On the other hand, petitioner's subsequent claim of ownership as successor to his mother's share in the
conjugal asset belied by the fact that the property was not included in the inventory of the estate submitted by
his father to the intestate court. This buttresses the ruling that indeed the property was no longer considered
owned by petitioner’s parents.
The Court likewise upheld the Court of Appeals’ holding that "the mortgage to PBCom by the Magpayo
spouses is valid notwithstanding that the Transfer Certificate of Title over the property was issued to them after
the mortgage contract was entered into. Registration does not confer ownership, it is merely evidence of such
ownership over a particular property. The deed of sale operates of a formal or symbolic delivery of the property
sold and authorizes the buyer to use the document as proof of ownership. All said, the Magpayo spouses were
already the owners when they mortgaged the property to PBCom."
Note: There can be no acquisitive prescription of land if the possession is in the concept of holder.
Art. 527. Good faith is always presumed, and upon him who alleges bad faith on the part of a possessor rests
the burden of proof.
Note:
Transferee of an unregistered parcel of land for value from a buyer and who took immediate possession
thereof has the benefit of good faith in his favor. Ordinary acquisitive prescription of 10 years is applicable.
Ordinary acquisitive prescription demands, as aforesaid, that the possession be "in good faith and with just
title” The good faith of the possessor consists in the reasonable belief that the person from whom the thing is
received has been the owner thereof and could thereby transmit that ownership. There is, upon the other hand,
just title when the adverse claimant come into possession of the property through any of the modes recognized
by law for the acquisition of ownership or other real rights, but that the grantor is neither the owner nor in a
position to transmit the right.
A party’s mere refusal to believe that a defect exists of his willful closing of his eyes to the possibility of the
existence of a defect in his vendor's title will not make him an innocent purchaser for value if it afterwards
develop that the title was in fact defective.

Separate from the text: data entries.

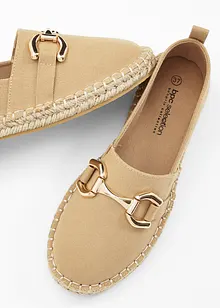 Espadrillas, bonprix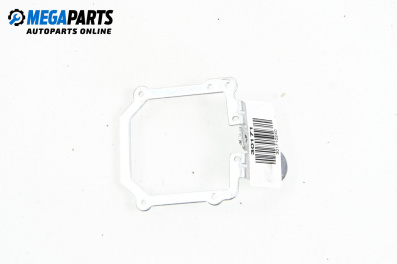Placă for Audi Q7 SUV I (03.2006 - 01.2016), 5 uși, suv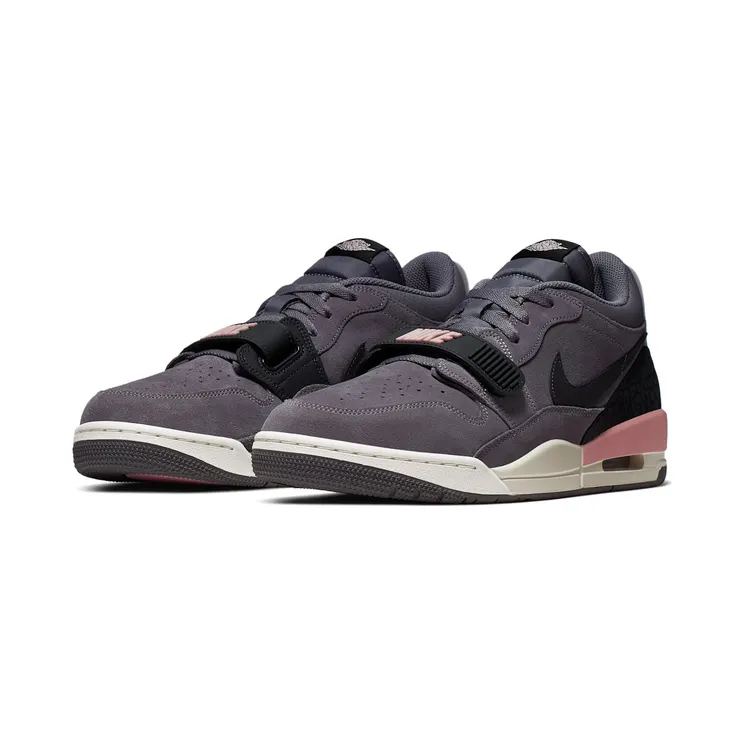 air-jordan-legacy-312 CD7069-002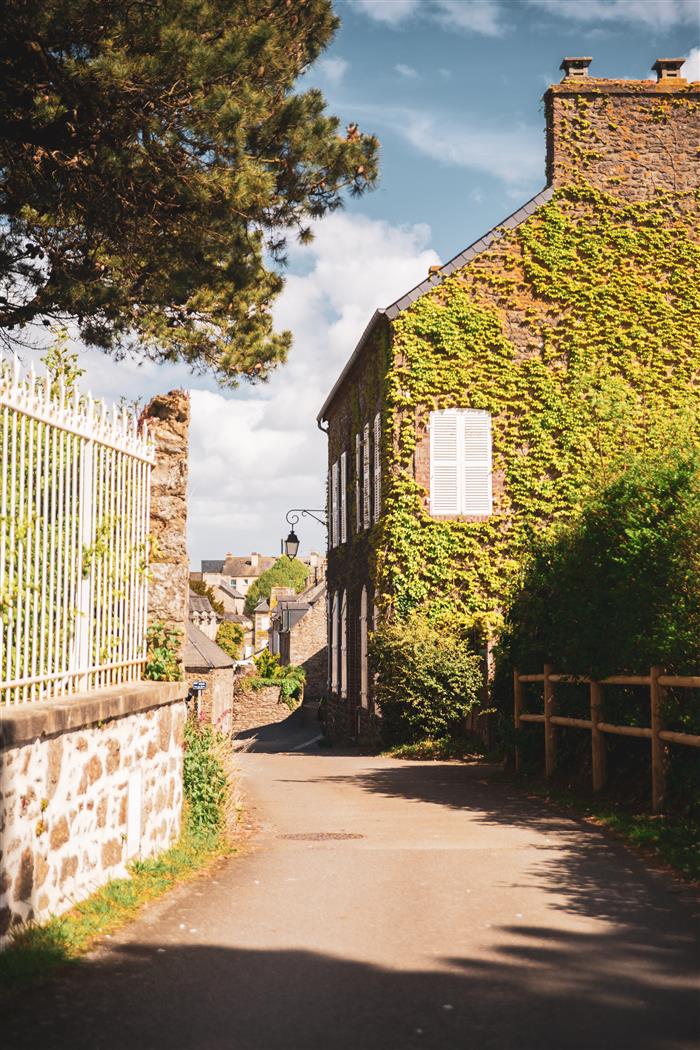 Venelles - ©DCET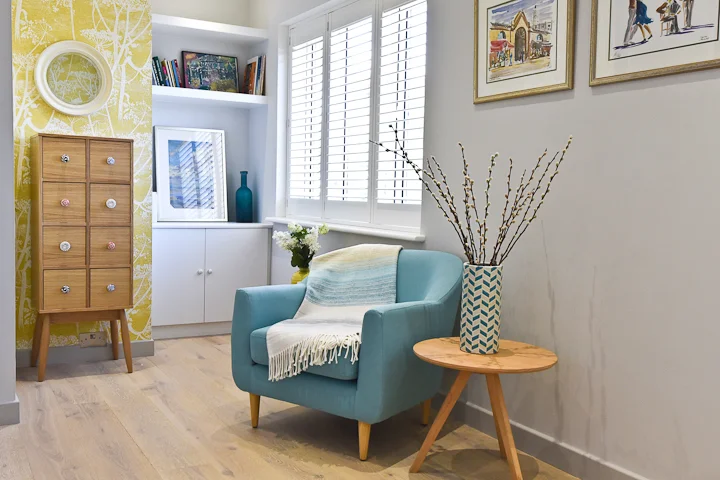 Eleanor_Romanova_Interiors068.jpg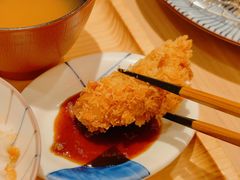 -和幸(春熙路群光广场店)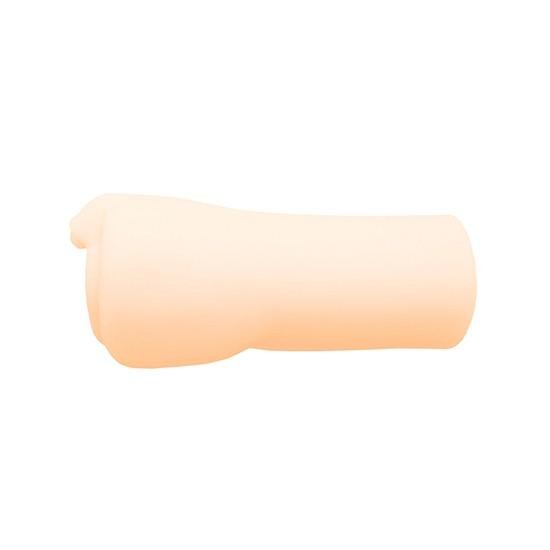 출장지 호텔에서 지적인 미인여과장과 같은 방에서 흐름타고 성교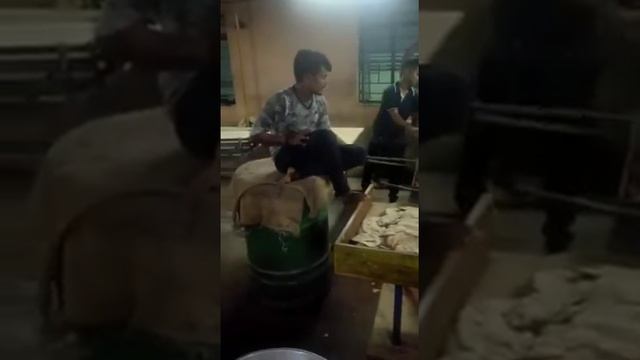 Sohar git vedio aacha laga to like share comment kare смотреть онлайн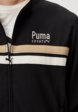 Олимпийка PUMA5  - превью
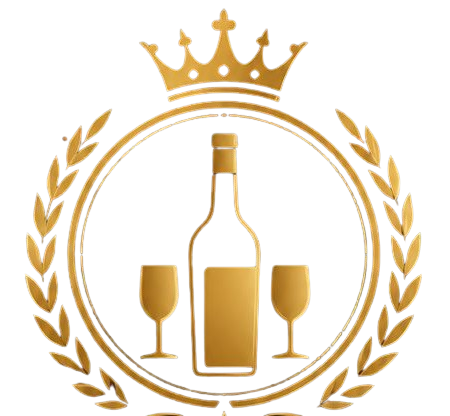 Royal Spirit Logo
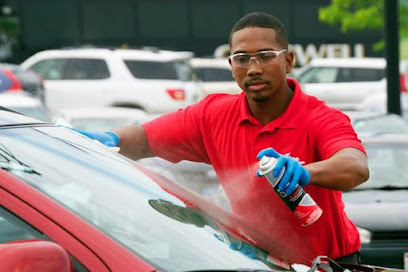 UNLIMITED MOBILE AUTO GLASS ️ ️ ️ ️ ️ Over 30+ Years In Business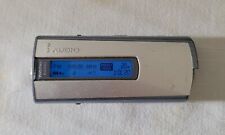 Mp3 player rec usato  Roma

Hence, if circumstances exist that require a prudent man to investigate; he will be in bad faith if he does not
investigate (Leung Lee vs. Strong 37 Phil 464: Republic vs. CA, 102 SCRA 331)
If there is no flaw, the article does not apply.
Uy v. CA (107439; 7/20/1995)
F: Catador offered to sell his 4,167 sq. m. land to Sauler who paid P45T down. Catador mortgaged said land to
SIHI so Sauler renegotiated and opted to buy only 555 sq. m. – but separate title cannot be given since title was
with SIHI. SIHI foreclosed on the entire land, UY bought the land. Sauler argues that as a co-owner, she has the
right of redemption. Uy argues that as an innocent purchaser, she has a right over the entire lot.
H: Sauler is not a co-owner since there is no “indivisible thing”; Uy is not innocent purchaser
Uy cannot pretend to be an innocent purchaser for value since she is fully aware of Sauler’s possession.
Uy’s parents own the adjacent lot and Catador has informed Uy’s father of the sale.
Neither can SIHI, petitioner's predecessor-in-interest, claim to be an innocent mortgagee.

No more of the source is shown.